**Stored entries**
=====

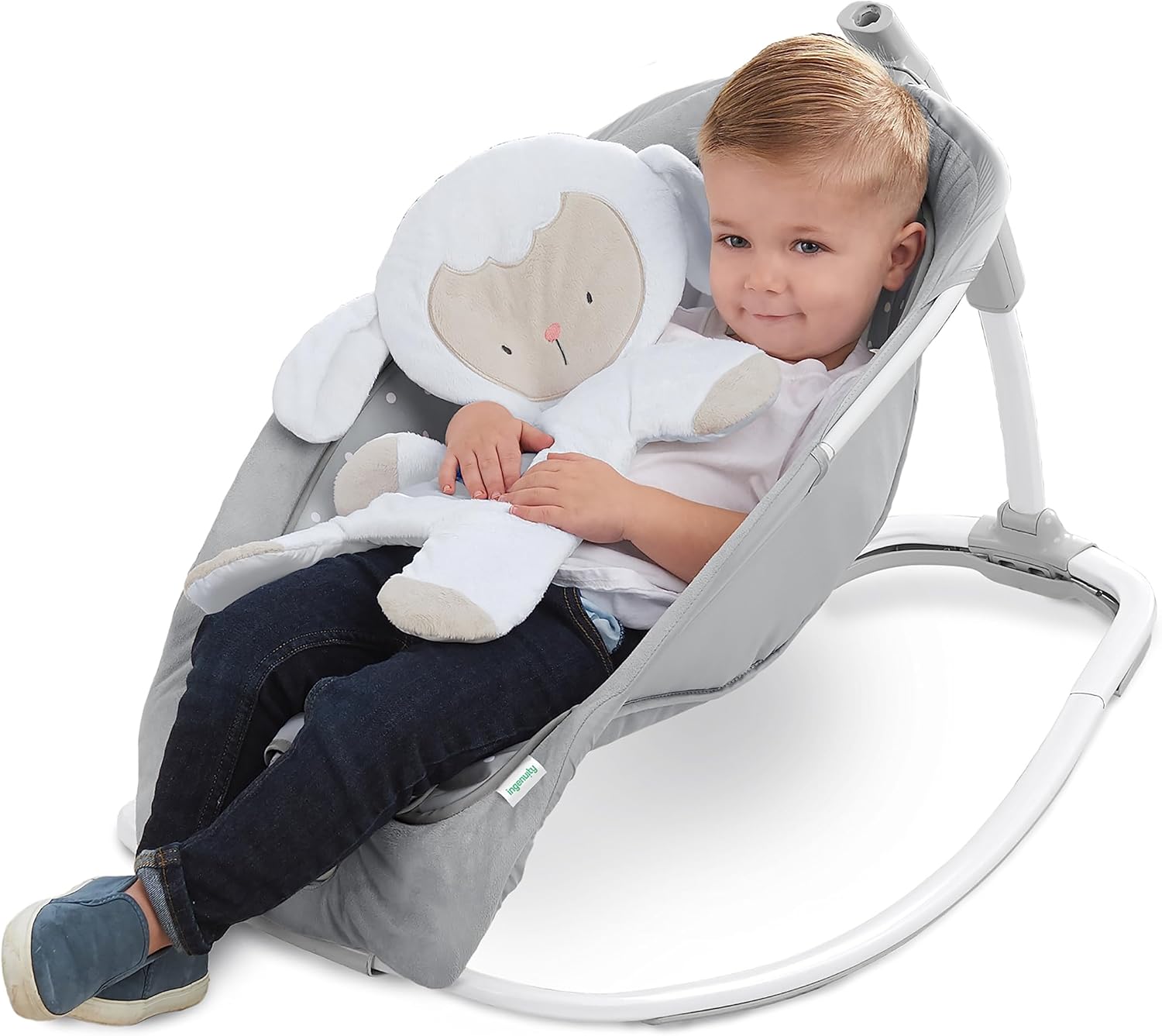 Ingen­uity Cuddl­e Lamb — vibra­ting bounc­er with music­ - Imagen 4
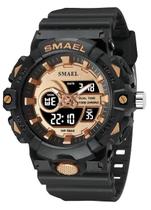 Relógio Masculino Smael Anadigi 8081 Preto E Rose Relógio Masculino Smael Anadigi 8081 Preto E Rose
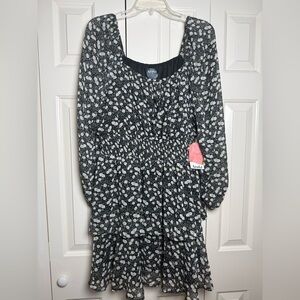 Arula black and white ditsy floral mini dress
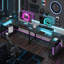 L-shaped Computer Desk with Power Outlet, Gaming Desk with Monitor Stand and Shelves-209490752-256113287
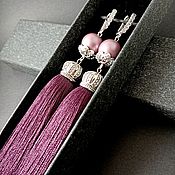 Earrings clip-on earrings for girls Pink brush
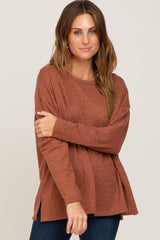 Rust Striped Brushed Maternity Long Sleeve Top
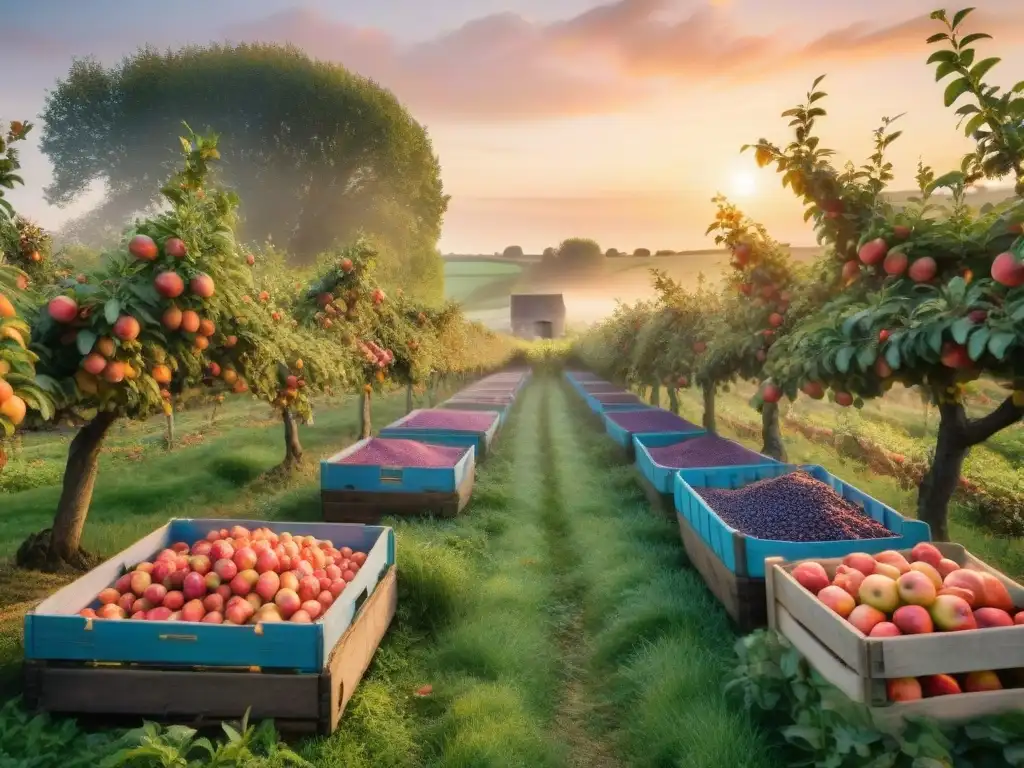 Un atardecer vibrante en un hermoso huerto de manzanas en Normandía, con una prensa de sidra y fruta madura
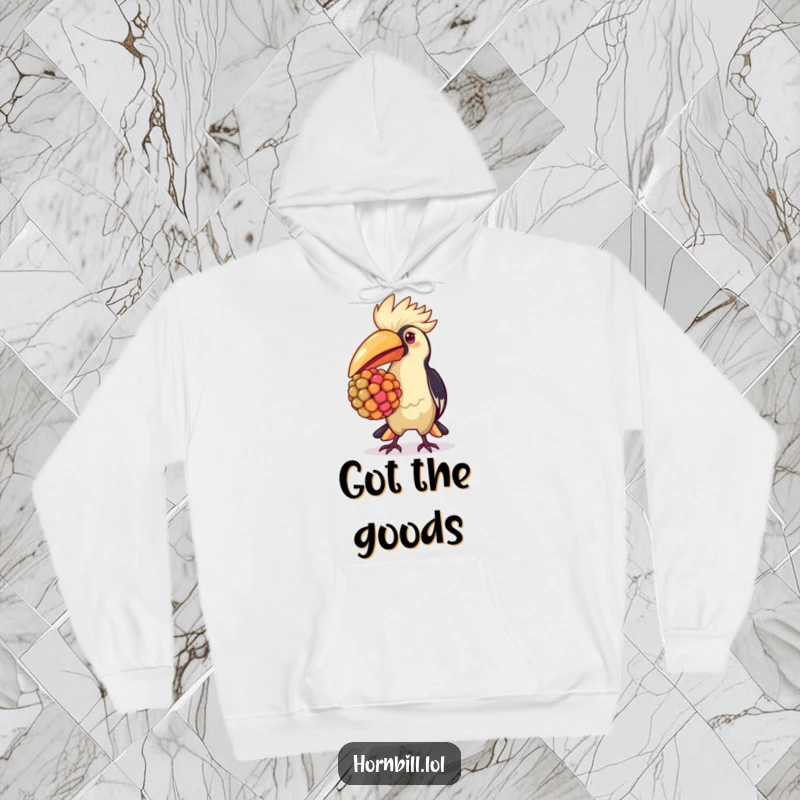 Kawaii hornbill hoodie, proudly holding a big, colorful berry, radiating cute and warm vibes for cozy wear.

=====

**TASK**
The line that contains "Un atardecer vibrante" opens the part to copy, and the last line of the records closes it; set down those lines exactly, pictures excluded.

**COMPLETED EXERCISE**
 Un atardecer vibrante en un hermoso huerto de manzanas en Normandía, con una prensa de sidra y fruta madura
 Kawaii hornbill hoodie, proudly holding a big, colorful berry, radiating cute and warm vibes for cozy wear.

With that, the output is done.